店内での眼鏡の男の様子を改めて確認します。 国民服も外套も古びていて身体に合っていない。 軍靴もすっかり古びて真っ白く埃にまみれています。 復員直後で、お金もないという状況を現しているのでしょう。 しかも、加賀美が眼鏡の男をそれだけじっくり確認できるほど、その男は、そこにじっとしていたのでしょう。
ただ、加賀美は既に三杯目のビールをやっているとありますが、まだ、勤務中なんでは? まあ、時間を潰さないといけないのでしかたないですか?
そんな状況に変化がおきます。
眼鏡の男は、ポケットから新聞を取りだすと、赤鉛筆で線を引きます。 まあ、ポケットに新聞が入っていたのは、まあ、後で読むつもりだったと思えますが、 赤鉛筆もポケットに入っていたのは、都合よすぎる気もしますけど。
その後、眼鏡の男は、トランクと新聞を置いたまま便所に行きます。 そして、そのまま消えてしまいます。 まんまと、逃げられてしまいます。
加賀美は、眼鏡の男がみた新聞をチェックします。
尋ね人 井手洋子の居所又は彼女常用のワニ皮のハンドバッグの所在ご通知下さった方に金三万円進呈す 中央局々留 井手隆一郎
という、広告欄でした。
何と、その新聞広告を、一ヶ月前から加賀美は知っていました。 どうということもない新聞広告ですね。 加賀美の気を引いたのはその金額らしいです。 確かに、3万円だといまなら120万円くらいですか。 ちょっとした金額ですね。
翌日、例の六十万円が加賀美のもとに届けられます。
小包の差出人欄に“井手隆一郎”とある。 これで、加賀美の気になっていた新聞広告と小包がつながることになります。
ここまでで、加賀美は眼鏡の男に仕組まれたと感じています。 確かに、小説的な展開ですから、眼鏡の男が仕組んだとすると納得いきますね。 ただ、理由まではわかりませんけど。
それから、加賀美はもう一つの不可解な点に気が付きます。 ベロア帽の男が、被害届を出していないのです。 ただ、「ミカド」へ置いてた被害者のトランクに名刺が挟んであって、 “陸軍大尉 田所軍治(たどころぐんじ)” と、被害者と思われる人物の名前がここで出てきます。 陸軍大尉田所軍治は、終戦当時九州小倉の部隊に居たのが判明します。

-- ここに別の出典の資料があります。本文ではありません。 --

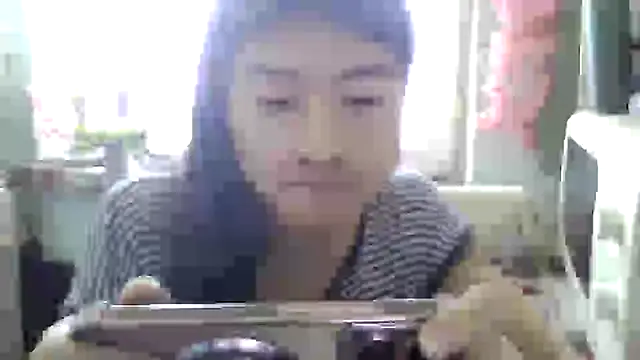 CarlyJoy online show from 06-03-26, 10:49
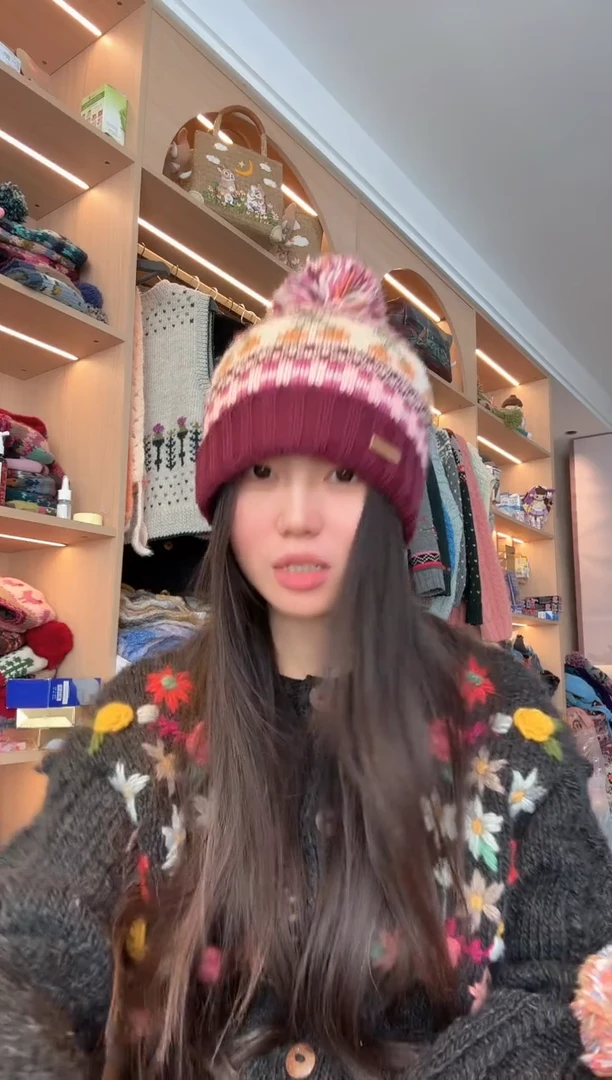 羊毛美利奴粉紫樱桃帽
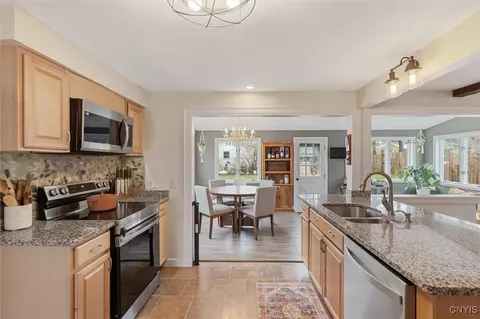Kitchen - 212 Ambergate Rd, Syracuse, NY 13214 photo 3 of 5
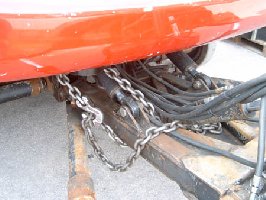 Das Schild mußte mit einer Kette oben gehalten werden.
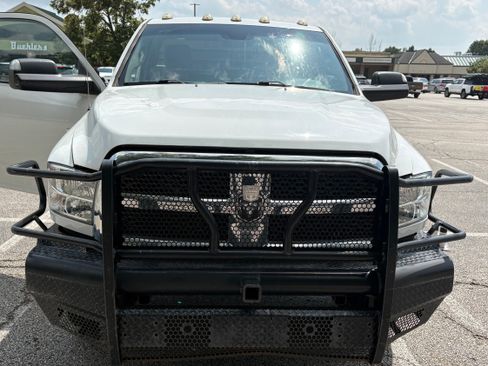 Used 2018 RAM 3500 Tradesman w/ Power & Remote Entry Group AWD/4WD image 5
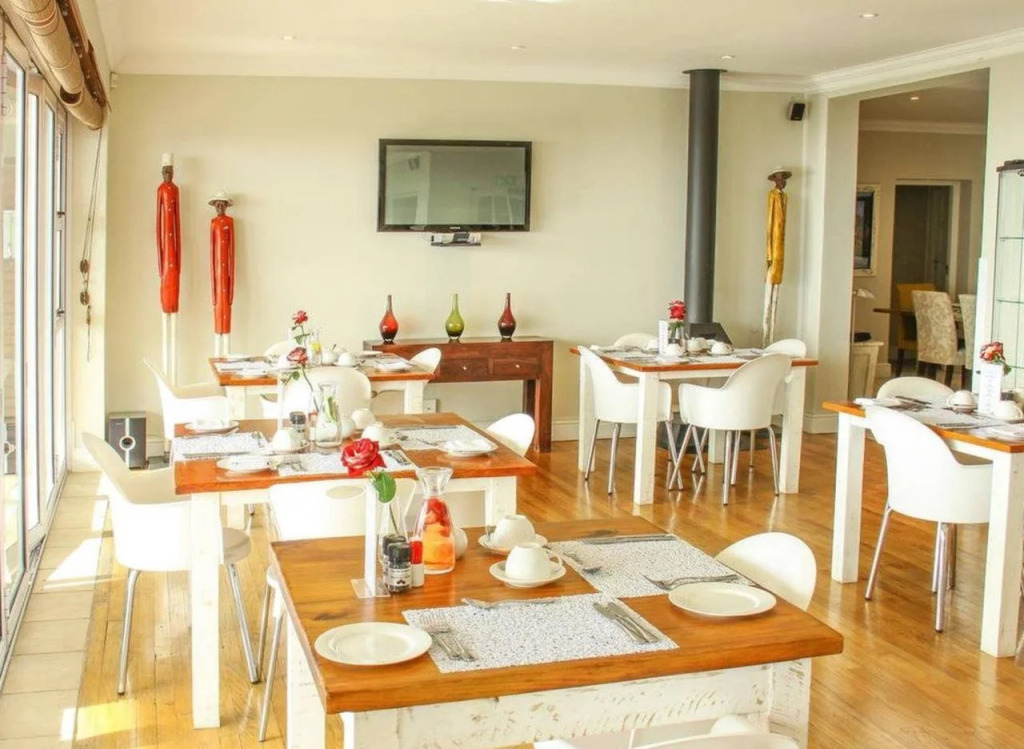 3 On Camps Bay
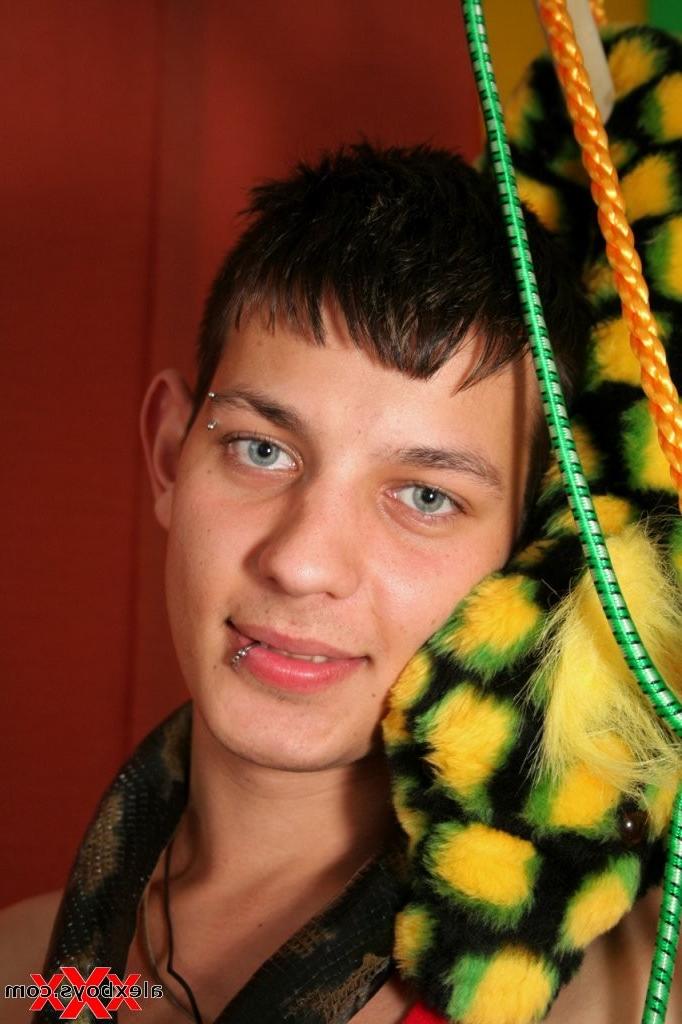 12P Hot gorgeous playful Gay Twink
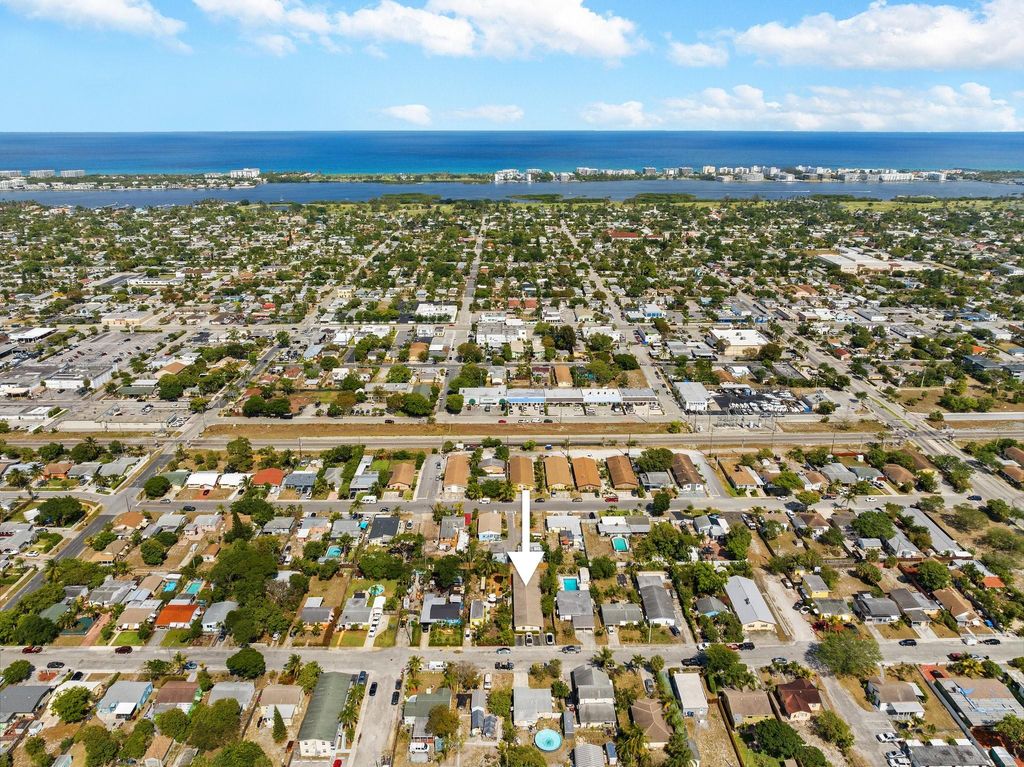 Photo of 1122 N E Street, Lake Worth Beach, FL 33460 (MLS # F10434019)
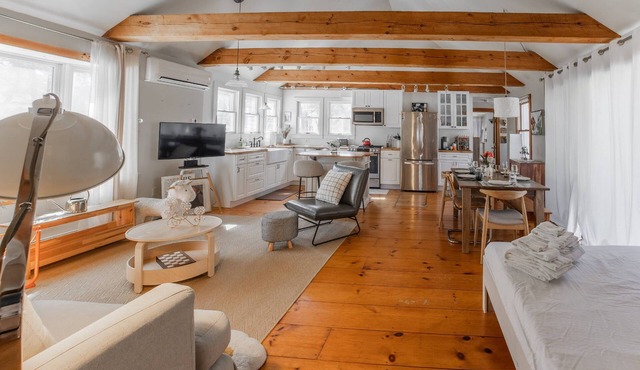 NEW! Peaceful Truro retreat. Fire pit, outdoor shower, pet-friendly & close to Cape Cod’s beaches.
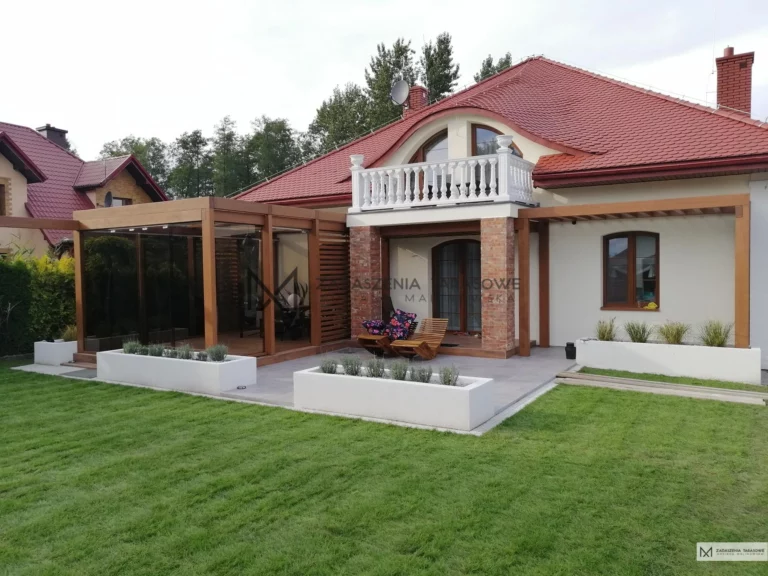 zadaszenie z pergolą na tarasie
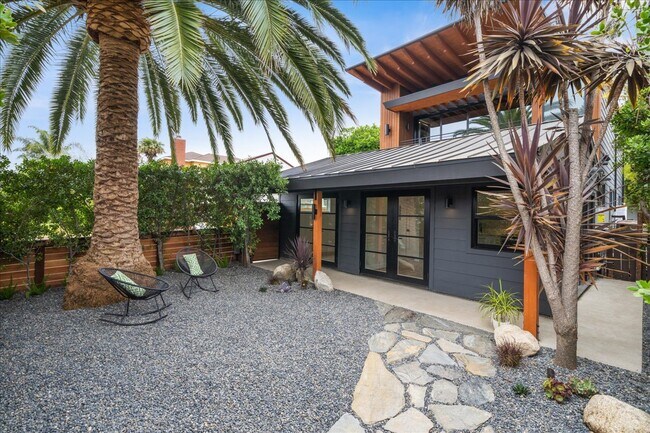 Bonita privacidad - 4027 Moore St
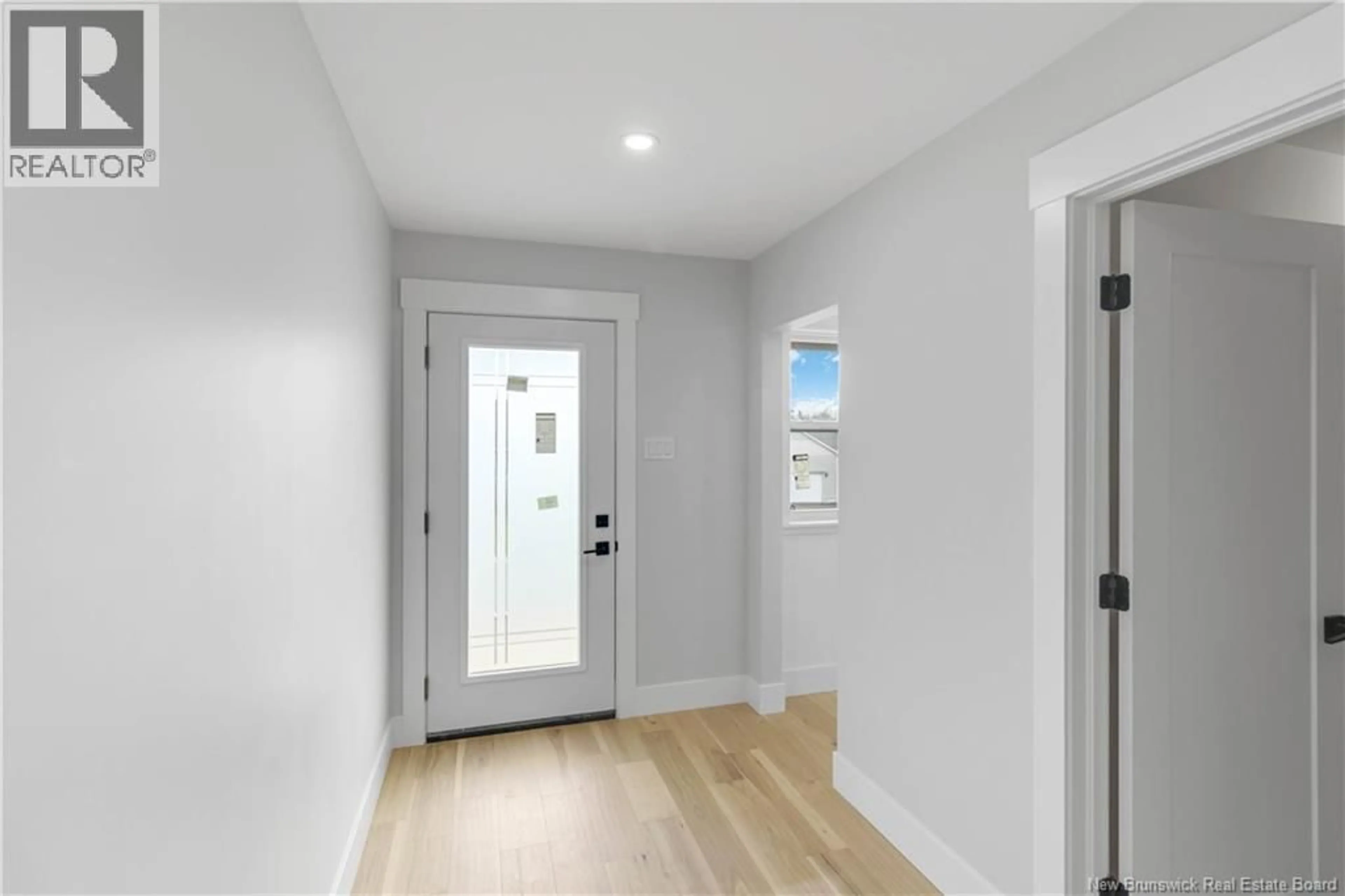 Indoor entryway for 5 BRIZLEY STREET, Oromocto New Brunswick E2V4R1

確かに、60万円(今なら2400万)ですからね。 無視するわけには行かないと思う金額ですが、警察に届けることができないお金なんですかね。
加賀美の洞察力の鋭さなんでしょうか? 峰刑事に喫茶「ミカド」を張り込ませています。 すると、 井手隆一郎と田所軍治が会っていて、親しげに話していたというのです。 被害者と加害者が親しげに話しているのです。
どういうことなんでしょう? 加害者は、この状況を理解しているはずですね。 被害者は、理解していなのでしょう。 だとすると、田所軍治は、60万円を井手隆一郎に盗まれたのに、親しく話して居ることになります。 どうして、田所は警察に届けないのか。 井手は何のために田所に近づいているのか。
つづく。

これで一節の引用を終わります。